7) (C) Une autre question qui motive l’opposition russe à l’adhésion de l’Ukraine est l’importante coopération dans le domaine de l’industrie de la défense que les deux pays partagent, y compris un certain nombre d’usines où sont fabriquées des armes russes. Bien que des efforts soient en cours pour fermer ou transférer la plupart de ces usines en Russie, et pour déplacer la flotte de la mer Noire de Sébastopol à Novorossiisk avant l’échéance de 2017, le GDR a clairement indiqué que l’adhésion de l’Ukraine à l’OTAN obligerait la Russie à apporter des changements majeurs (et coûteux) à sa coopération industrielle en matière de défense.
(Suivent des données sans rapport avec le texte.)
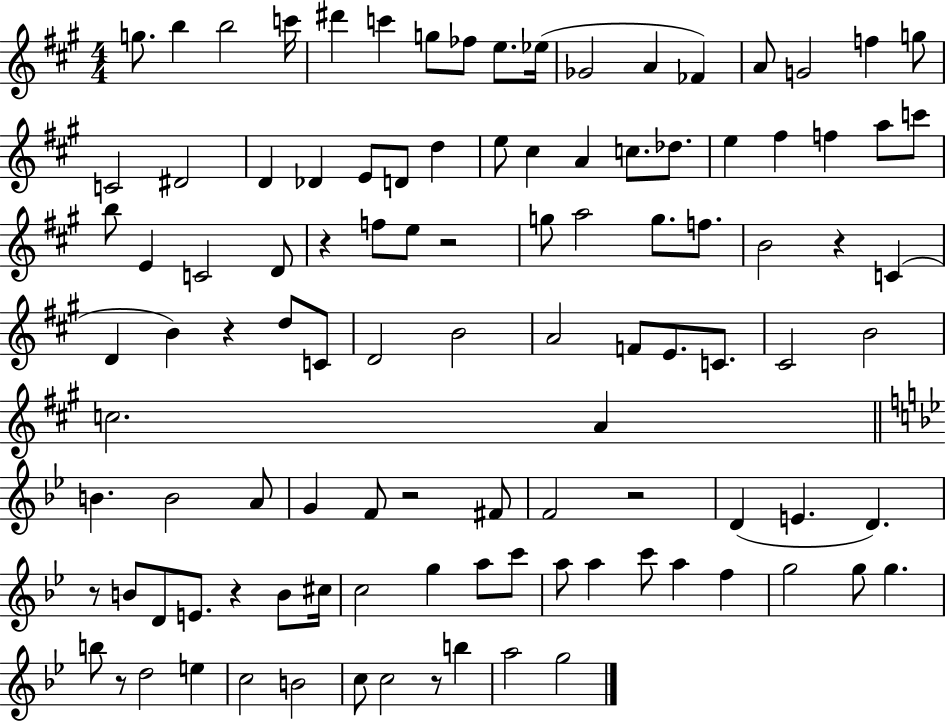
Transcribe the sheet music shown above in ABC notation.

X:1
T:Untitled
M:4/4
L:1/4
K:A
g/2 b b2 c'/4 ^d' c' g/2 _f/2 e/2 _e/4 _G2 A _F A/2 G2 f g/2 C2 ^D2 D _D E/2 D/2 d e/2 ^c A c/2 _d/2 e ^f f a/2 c'/2 b/2 E C2 D/2 z f/2 e/2 z2 g/2 a2 g/2 f/2 B2 z C D B z d/2 C/2 D2 B2 A2 F/2 E/2 C/2 ^C2 B2 c2 A B B2 A/2 G F/2 z2 ^F/2 F2 z2 D E D z/2 B/2 D/2 E/2 z B/2 ^c/4 c2 g a/2 c'/2 a/2 a c'/2 a f g2 g/2 g b/2 z/2 d2 e c2 B2 c/2 c2 z/2 b a2 g2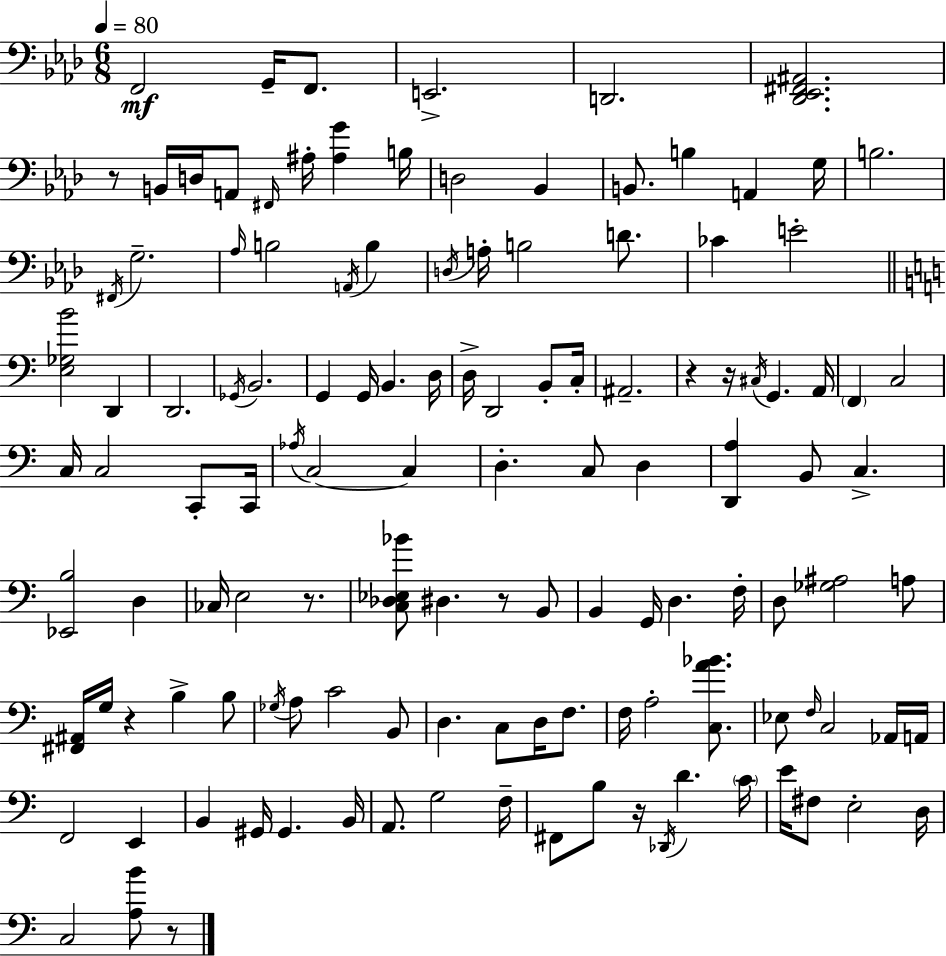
{
  \clef bass
  \numericTimeSignature
  \time 6/8
  \key f \minor
  \tempo 4 = 80
  f,2\mf g,16-- f,8. | e,2.-> | d,2. | <des, ees, fis, ais,>2. | \break r8 b,16 d16 a,8 \grace { fis,16 } ais16-. <ais g'>4 | b16 d2 bes,4 | b,8. b4 a,4 | g16 b2. | \break \acciaccatura { fis,16 } g2.-- | \grace { aes16 } b2 \acciaccatura { a,16 } | b4 \acciaccatura { d16 } a16-. b2 | d'8. ces'4 e'2-. | \break \bar "||" \break \key a \minor <e ges b'>2 d,4 | d,2. | \acciaccatura { ges,16 } b,2. | g,4 g,16 b,4. | \break d16 d16-> d,2 b,8-. | c16-. ais,2.-- | r4 r16 \acciaccatura { cis16 } g,4. | a,16 \parenthesize f,4 c2 | \break c16 c2 c,8-. | c,16 \acciaccatura { aes16 } c2~~ c4 | d4.-. c8 d4 | <d, a>4 b,8 c4.-> | \break <ees, b>2 d4 | ces16 e2 | r8. <c des ees bes'>8 dis4. r8 | b,8 b,4 g,16 d4. | \break f16-. d8 <ges ais>2 | a8 <fis, ais,>16 g16 r4 b4-> | b8 \acciaccatura { ges16 } a8 c'2 | b,8 d4. c8 | \break d16 f8. f16 a2-. | <c a' bes'>8. ees8 \grace { f16 } c2 | aes,16 a,16 f,2 | e,4 b,4 gis,16 gis,4. | \break b,16 a,8. g2 | f16-- fis,8 b8 r16 \acciaccatura { des,16 } d'4. | \parenthesize c'16 e'16 fis8 e2-. | d16 c2 | \break <a b'>8 r8 \bar "|."
}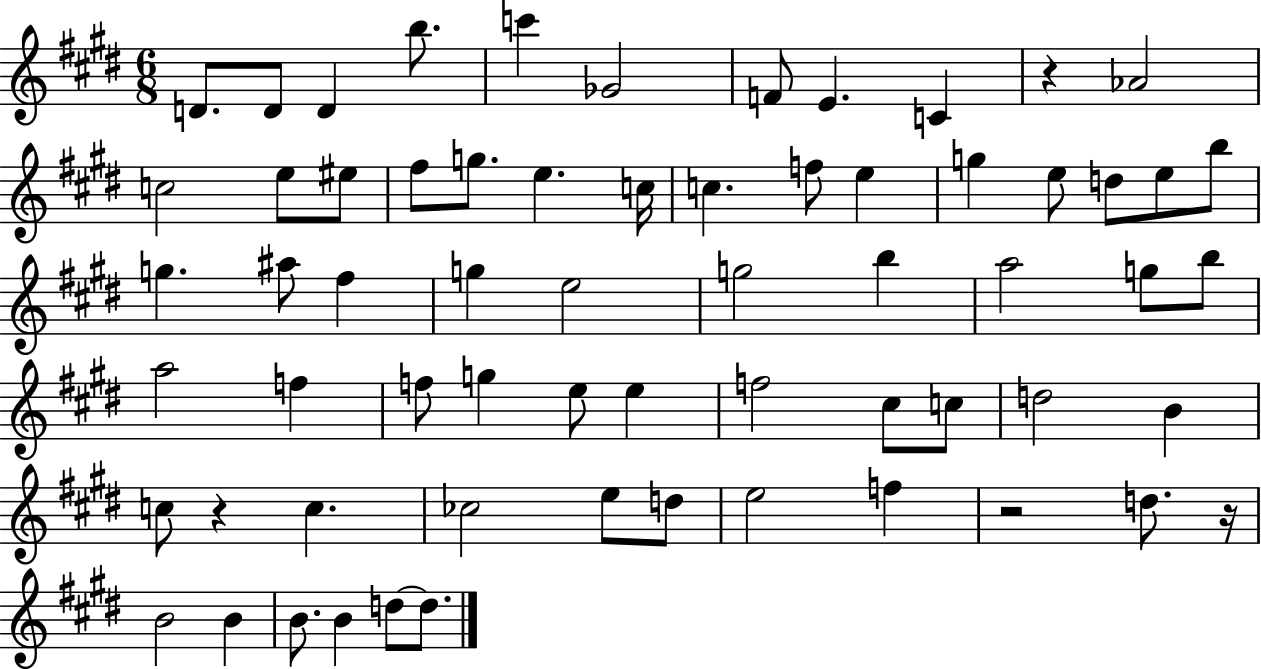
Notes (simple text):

D4/e. D4/e D4/q B5/e. C6/q Gb4/h F4/e E4/q. C4/q R/q Ab4/h C5/h E5/e EIS5/e F#5/e G5/e. E5/q. C5/s C5/q. F5/e E5/q G5/q E5/e D5/e E5/e B5/e G5/q. A#5/e F#5/q G5/q E5/h G5/h B5/q A5/h G5/e B5/e A5/h F5/q F5/e G5/q E5/e E5/q F5/h C#5/e C5/e D5/h B4/q C5/e R/q C5/q. CES5/h E5/e D5/e E5/h F5/q R/h D5/e. R/s B4/h B4/q B4/e. B4/q D5/e D5/e.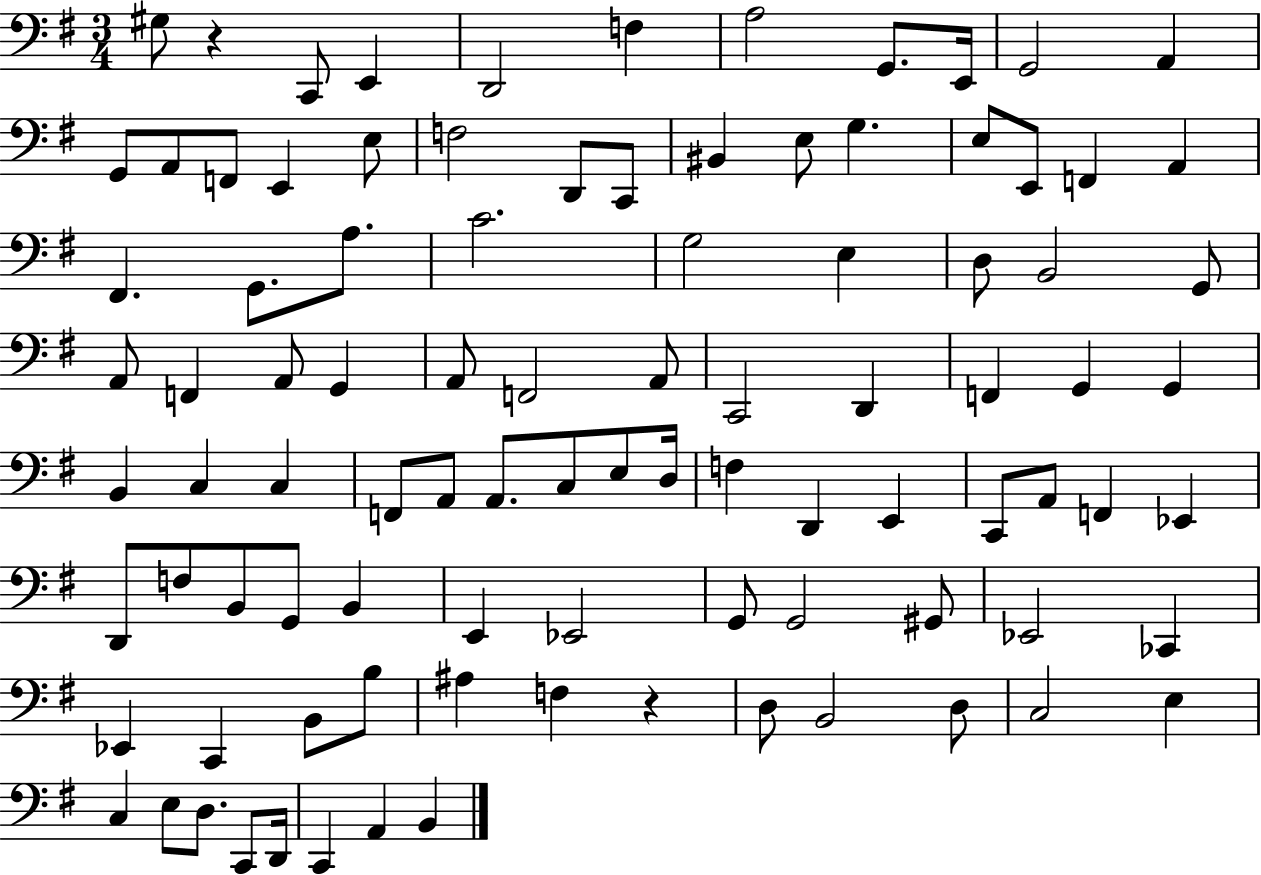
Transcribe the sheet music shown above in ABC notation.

X:1
T:Untitled
M:3/4
L:1/4
K:G
^G,/2 z C,,/2 E,, D,,2 F, A,2 G,,/2 E,,/4 G,,2 A,, G,,/2 A,,/2 F,,/2 E,, E,/2 F,2 D,,/2 C,,/2 ^B,, E,/2 G, E,/2 E,,/2 F,, A,, ^F,, G,,/2 A,/2 C2 G,2 E, D,/2 B,,2 G,,/2 A,,/2 F,, A,,/2 G,, A,,/2 F,,2 A,,/2 C,,2 D,, F,, G,, G,, B,, C, C, F,,/2 A,,/2 A,,/2 C,/2 E,/2 D,/4 F, D,, E,, C,,/2 A,,/2 F,, _E,, D,,/2 F,/2 B,,/2 G,,/2 B,, E,, _E,,2 G,,/2 G,,2 ^G,,/2 _E,,2 _C,, _E,, C,, B,,/2 B,/2 ^A, F, z D,/2 B,,2 D,/2 C,2 E, C, E,/2 D,/2 C,,/2 D,,/4 C,, A,, B,,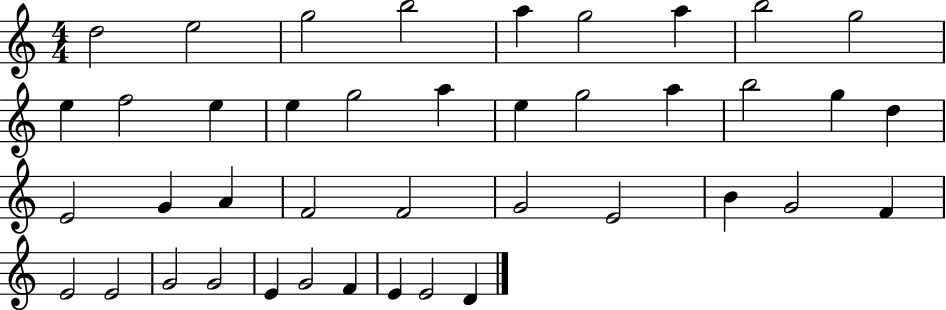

8. (C) De même, le GDR et les experts notent qu’il y aurait également un impact significatif sur les relations économiques et de travail russo-ukrainiennes, y compris l’effet sur des milliers d’Ukrainiens vivant et travaillant en Russie et vice versa, en raison de la nécessité d’imposer un nouveau régime de visa. Selon Aleksandr Konovalov, directeur de l’Institut d’évaluation stratégique, cela deviendrait un chaudron bouillant de colère et de ressentiment au sein de la population locale.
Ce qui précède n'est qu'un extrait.